[Text-to-region grounding data]
++++++++++
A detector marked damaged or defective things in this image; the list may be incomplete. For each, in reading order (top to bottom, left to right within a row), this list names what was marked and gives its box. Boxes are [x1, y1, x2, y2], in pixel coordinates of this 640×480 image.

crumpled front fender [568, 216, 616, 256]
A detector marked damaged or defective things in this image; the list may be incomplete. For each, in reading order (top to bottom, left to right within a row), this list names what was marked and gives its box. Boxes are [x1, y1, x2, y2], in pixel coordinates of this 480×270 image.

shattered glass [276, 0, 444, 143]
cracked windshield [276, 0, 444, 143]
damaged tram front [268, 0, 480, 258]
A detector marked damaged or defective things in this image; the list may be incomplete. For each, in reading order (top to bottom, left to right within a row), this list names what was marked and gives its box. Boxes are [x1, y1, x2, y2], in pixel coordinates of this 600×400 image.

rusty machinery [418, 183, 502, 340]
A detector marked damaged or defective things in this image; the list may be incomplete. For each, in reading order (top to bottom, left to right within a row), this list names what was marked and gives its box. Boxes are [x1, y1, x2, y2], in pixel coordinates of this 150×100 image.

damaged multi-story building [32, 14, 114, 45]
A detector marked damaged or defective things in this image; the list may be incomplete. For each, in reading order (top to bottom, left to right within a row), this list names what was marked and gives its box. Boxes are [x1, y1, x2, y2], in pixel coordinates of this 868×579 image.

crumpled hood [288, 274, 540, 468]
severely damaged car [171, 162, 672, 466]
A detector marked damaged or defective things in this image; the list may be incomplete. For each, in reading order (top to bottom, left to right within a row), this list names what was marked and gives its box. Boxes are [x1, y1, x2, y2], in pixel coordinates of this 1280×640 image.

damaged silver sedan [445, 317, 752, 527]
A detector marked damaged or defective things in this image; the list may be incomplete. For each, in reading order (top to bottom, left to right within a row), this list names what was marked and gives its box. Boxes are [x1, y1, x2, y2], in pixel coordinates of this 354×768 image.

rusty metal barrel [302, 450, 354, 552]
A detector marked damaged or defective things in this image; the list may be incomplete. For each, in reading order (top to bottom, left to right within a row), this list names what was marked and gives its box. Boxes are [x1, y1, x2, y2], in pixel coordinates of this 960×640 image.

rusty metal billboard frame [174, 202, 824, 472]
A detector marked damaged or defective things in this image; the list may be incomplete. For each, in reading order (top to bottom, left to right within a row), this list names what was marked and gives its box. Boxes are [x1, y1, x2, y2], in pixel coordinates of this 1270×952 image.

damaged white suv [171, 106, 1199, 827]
++++++++++
**Goal of the exercise:**
Your answer should hold exactly the lines from the one containing "this 960×640 image." to the last line of the data, both included, and no others.

**Answer box:**
A detector marked damaged or defective things in this image; the list may be incomplete. For each, in reading order (top to bottom, left to right within a row), this list names what was marked and gives its box. Boxes are [x1, y1, x2, y2], in pixel coordinates of this 960×640 image.

rusty metal billboard frame [174, 202, 824, 472]
A detector marked damaged or defective things in this image; the list may be incomplete. For each, in reading order (top to bottom, left to right within a row), this list names what was marked and gives its box. Boxes are [x1, y1, x2, y2], in pixel coordinates of this 1270×952 image.

damaged white suv [171, 106, 1199, 827]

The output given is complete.